(Dataset entries)
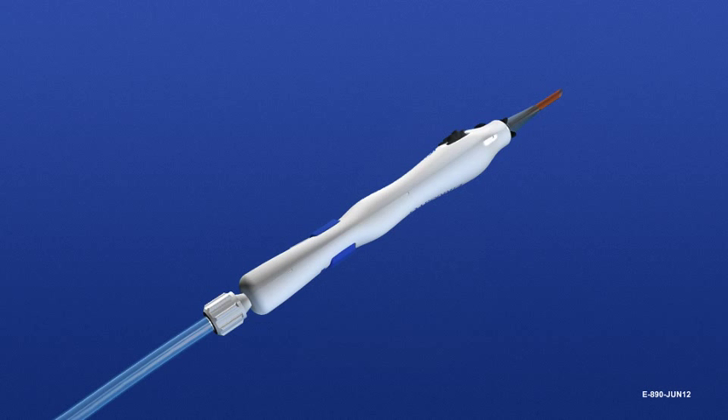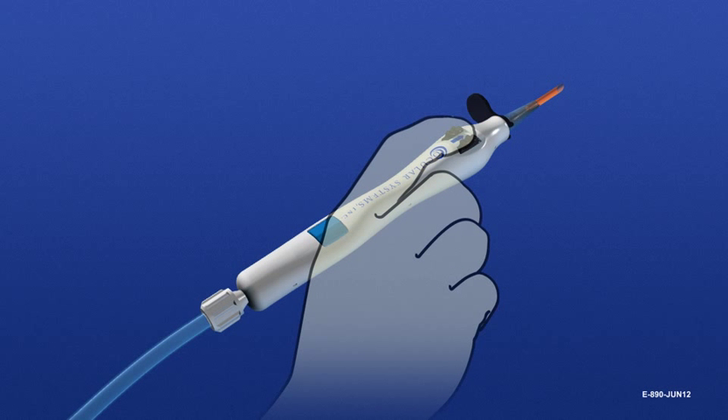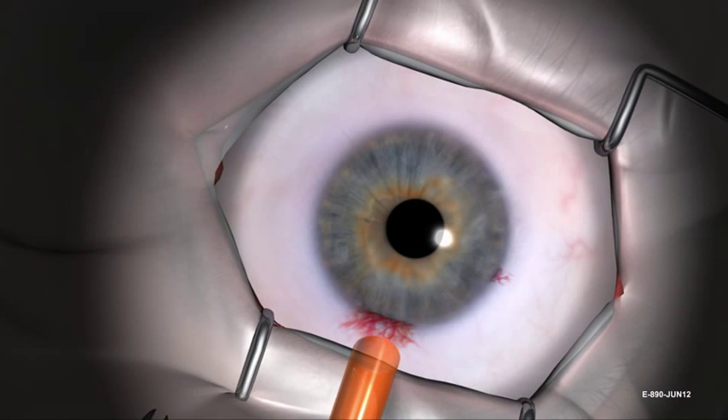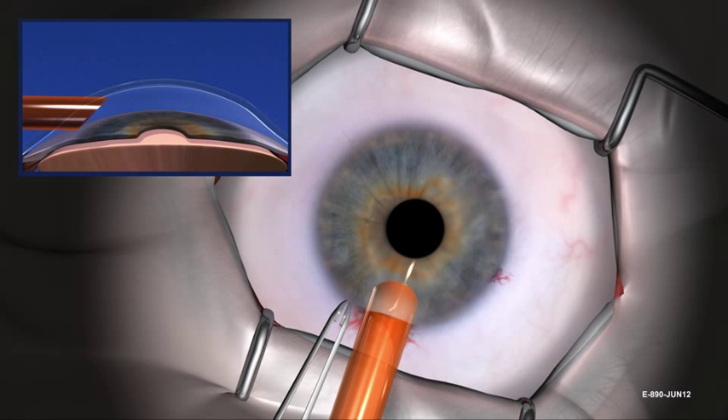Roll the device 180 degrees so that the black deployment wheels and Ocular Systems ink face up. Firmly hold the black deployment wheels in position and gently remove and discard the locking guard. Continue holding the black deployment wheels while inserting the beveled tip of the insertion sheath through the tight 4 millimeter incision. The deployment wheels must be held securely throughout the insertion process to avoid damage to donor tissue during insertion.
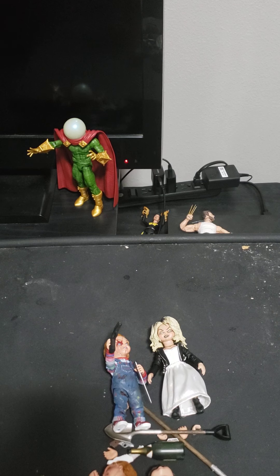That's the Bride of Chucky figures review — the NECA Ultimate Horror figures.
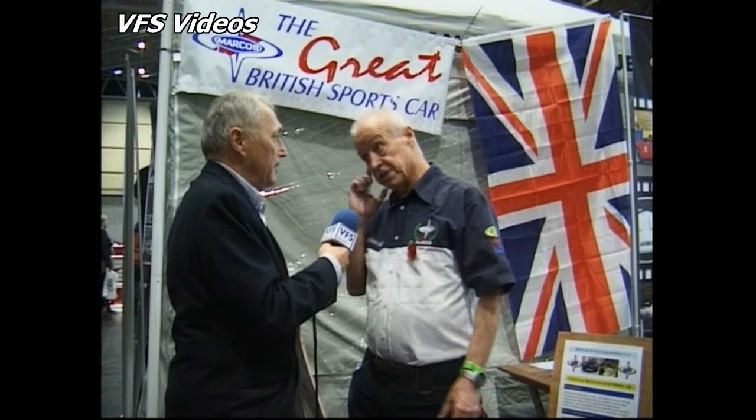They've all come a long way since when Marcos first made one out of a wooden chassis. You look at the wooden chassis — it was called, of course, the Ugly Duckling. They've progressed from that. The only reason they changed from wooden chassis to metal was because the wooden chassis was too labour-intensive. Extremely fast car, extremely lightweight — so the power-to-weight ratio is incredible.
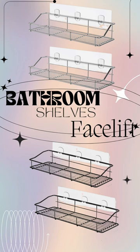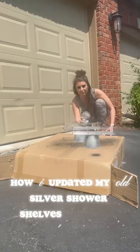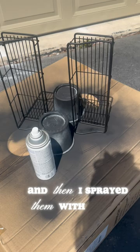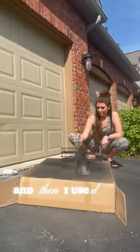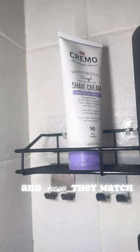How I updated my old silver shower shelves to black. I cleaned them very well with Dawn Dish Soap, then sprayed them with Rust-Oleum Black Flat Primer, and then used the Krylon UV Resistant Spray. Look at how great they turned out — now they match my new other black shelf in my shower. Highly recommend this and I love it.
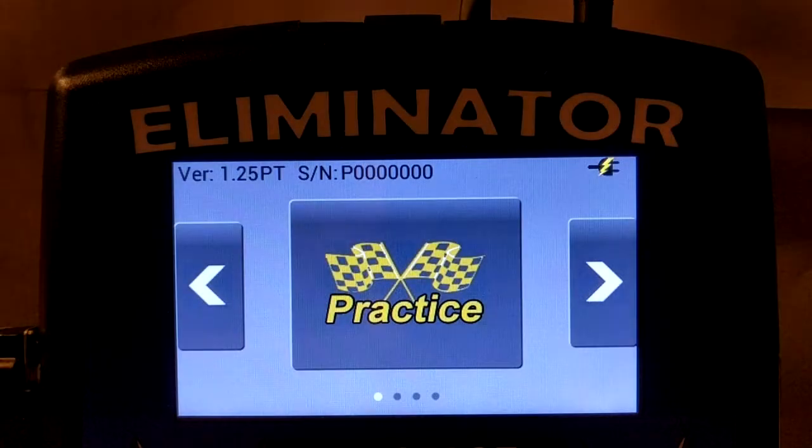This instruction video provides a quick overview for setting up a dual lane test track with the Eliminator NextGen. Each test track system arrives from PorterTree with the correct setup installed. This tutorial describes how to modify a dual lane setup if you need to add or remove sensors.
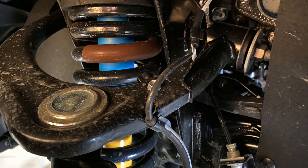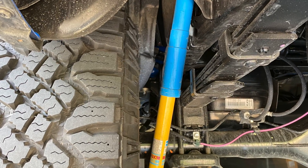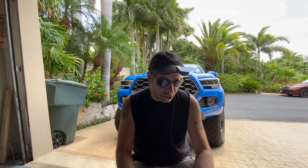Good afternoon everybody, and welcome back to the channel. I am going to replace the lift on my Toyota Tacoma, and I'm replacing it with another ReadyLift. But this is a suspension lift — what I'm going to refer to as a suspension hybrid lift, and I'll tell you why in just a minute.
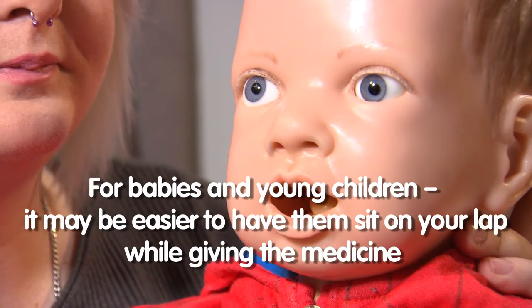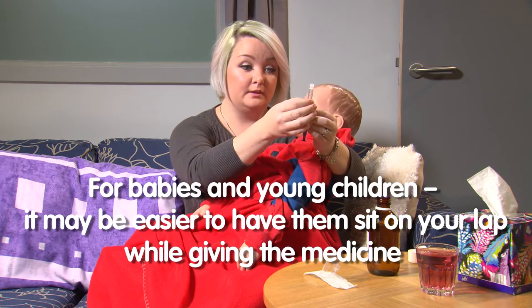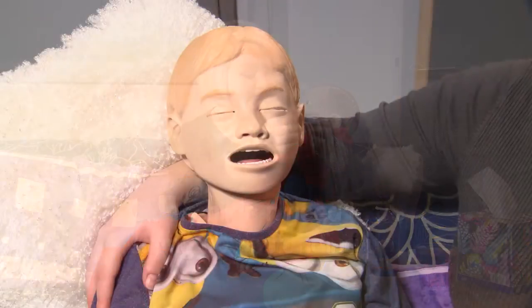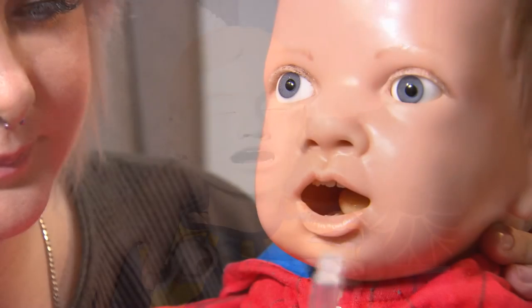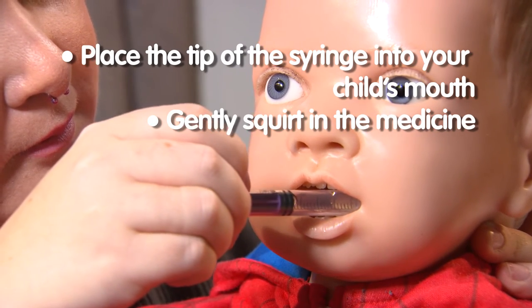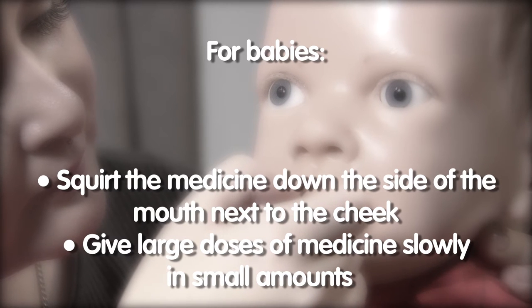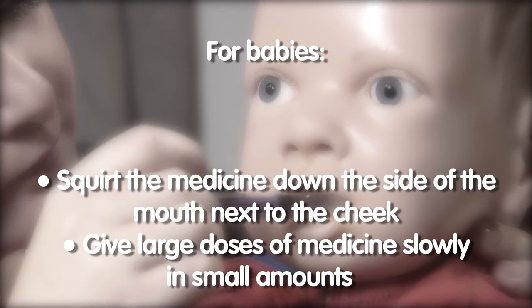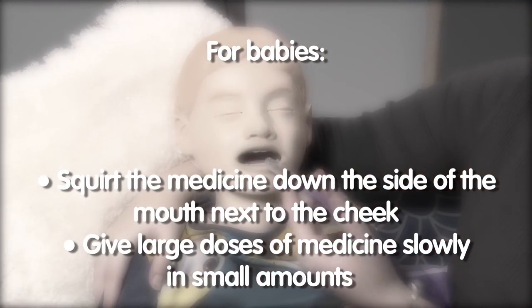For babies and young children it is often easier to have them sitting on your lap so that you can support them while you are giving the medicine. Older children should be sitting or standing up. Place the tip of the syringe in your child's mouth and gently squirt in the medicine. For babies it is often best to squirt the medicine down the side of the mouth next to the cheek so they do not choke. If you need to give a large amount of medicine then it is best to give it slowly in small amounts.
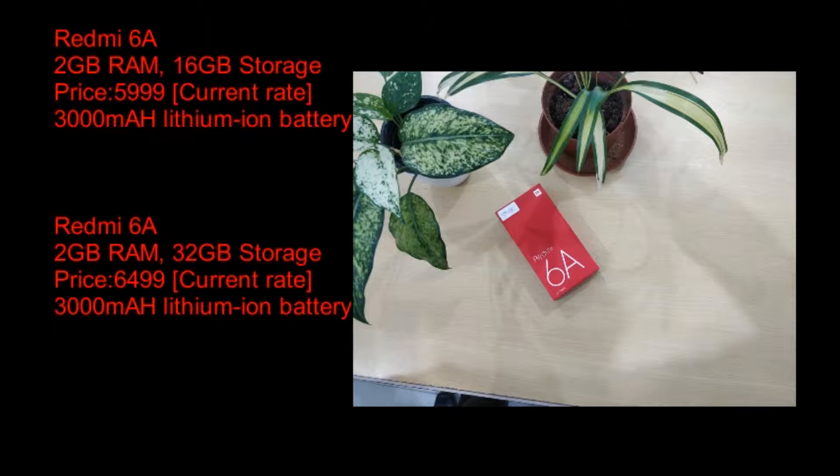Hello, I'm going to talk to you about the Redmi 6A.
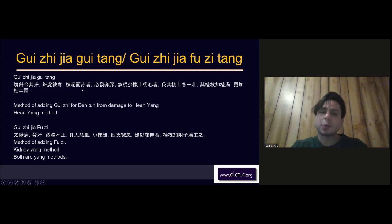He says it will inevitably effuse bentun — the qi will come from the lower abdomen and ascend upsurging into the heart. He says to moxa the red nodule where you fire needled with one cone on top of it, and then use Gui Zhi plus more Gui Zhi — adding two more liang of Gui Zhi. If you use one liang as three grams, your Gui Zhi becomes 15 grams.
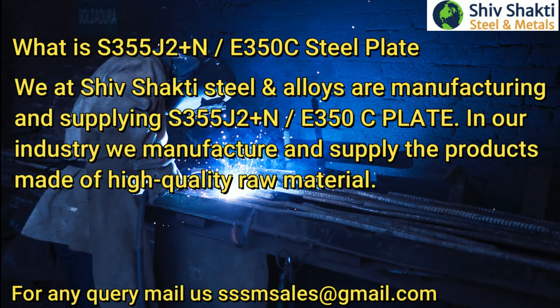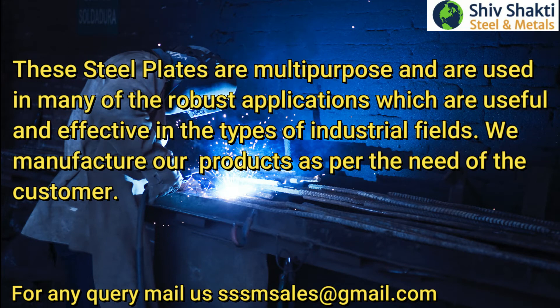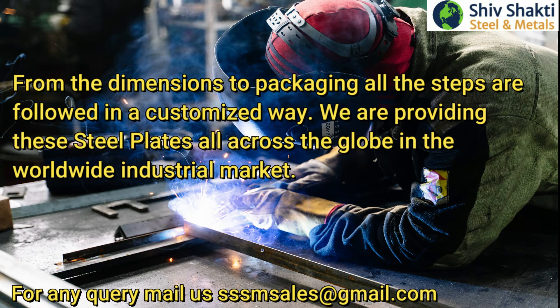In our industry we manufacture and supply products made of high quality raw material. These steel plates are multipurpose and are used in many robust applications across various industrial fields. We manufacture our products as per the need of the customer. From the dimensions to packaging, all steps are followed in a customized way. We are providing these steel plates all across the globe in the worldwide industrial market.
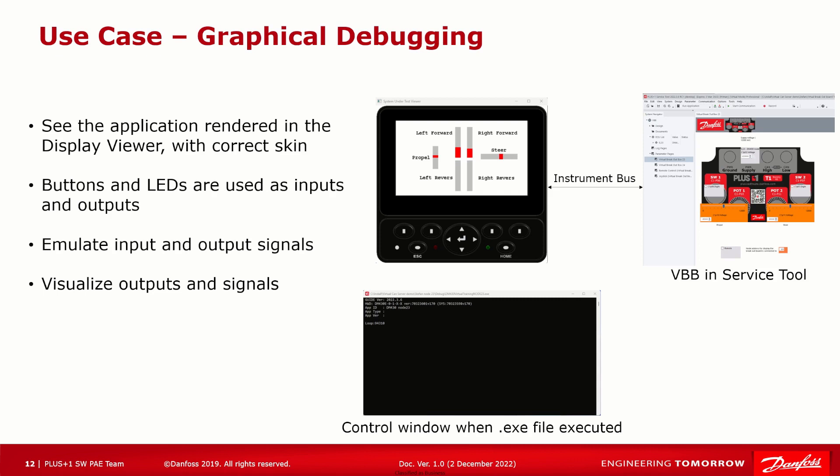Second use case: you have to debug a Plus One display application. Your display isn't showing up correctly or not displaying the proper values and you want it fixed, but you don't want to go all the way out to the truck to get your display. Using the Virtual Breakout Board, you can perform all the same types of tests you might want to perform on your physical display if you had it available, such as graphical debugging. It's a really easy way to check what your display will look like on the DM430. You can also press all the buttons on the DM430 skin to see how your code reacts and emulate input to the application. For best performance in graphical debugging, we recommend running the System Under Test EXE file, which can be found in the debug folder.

EXERCISE AIM
Leaving the images behind, set down every entry word for word.

SOLVED EXERCISE
Roll the device 180 degrees so that the black deployment wheels and Ocular Systems ink face up. Firmly hold the black deployment wheels in position and gently remove and discard the locking guard. Continue holding the black deployment wheels while inserting the beveled tip of the insertion sheath through the tight 4 millimeter incision. The deployment wheels must be held securely throughout the insertion process to avoid damage to donor tissue during insertion.
That's the Bride of Chucky figures review — the NECA Ultimate Horror figures.
They've all come a long way since when Marcos first made one out of a wooden chassis. You look at the wooden chassis — it was called, of course, the Ugly Duckling. They've progressed from that. The only reason they changed from wooden chassis to metal was because the wooden chassis was too labour-intensive. Extremely fast car, extremely lightweight — so the power-to-weight ratio is incredible.
How I updated my old silver shower shelves to black. I cleaned them very well with Dawn Dish Soap, then sprayed them with Rust-Oleum Black Flat Primer, and then used the Krylon UV Resistant Spray. Look at how great they turned out — now they match my new other black shelf in my shower. Highly recommend this and I love it.
This instruction video provides a quick overview for setting up a dual lane test track with the Eliminator NextGen. Each test track system arrives from PorterTree with the correct setup installed. This tutorial describes how to modify a dual lane setup if you need to add or remove sensors.
Good afternoon everybody, and welcome back to the channel. I am going to replace the lift on my Toyota Tacoma, and I'm replacing it with another ReadyLift. But this is a suspension lift — what I'm going to refer to as a suspension hybrid lift, and I'll tell you why in just a minute.
For babies and young children it is often easier to have them sitting on your lap so that you can support them while you are giving the medicine. Older children should be sitting or standing up. Place the tip of the syringe in your child's mouth and gently squirt in the medicine. For babies it is often best to squirt the medicine down the side of the mouth next to the cheek so they do not choke. If you need to give a large amount of medicine then it is best to give it slowly in small amounts.
Hello, I'm going to talk to you about the Redmi 6A.
He says it will inevitably effuse bentun — the qi will come from the lower abdomen and ascend upsurging into the heart. He says to moxa the red nodule where you fire needled with one cone on top of it, and then use Gui Zhi plus more Gui Zhi — adding two more liang of Gui Zhi. If you use one liang as three grams, your Gui Zhi becomes 15 grams.
In our industry we manufacture and supply products made of high quality raw material. These steel plates are multipurpose and are used in many robust applications across various industrial fields. We manufacture our products as per the need of the customer. From the dimensions to packaging, all steps are followed in a customized way. We are providing these steel plates all across the globe in the worldwide industrial market.
Second use case: you have to debug a Plus One display application. Your display isn't showing up correctly or not displaying the proper values and you want it fixed, but you don't want to go all the way out to the truck to get your display. Using the Virtual Breakout Board, you can perform all the same types of tests you might want to perform on your physical display if you had it available, such as graphical debugging. It's a really easy way to check what your display will look like on the DM430. You can also press all the buttons on the DM430 skin to see how your code reacts and emulate input to the application. For best performance in graphical debugging, we recommend running the System Under Test EXE file, which can be found in the debug folder.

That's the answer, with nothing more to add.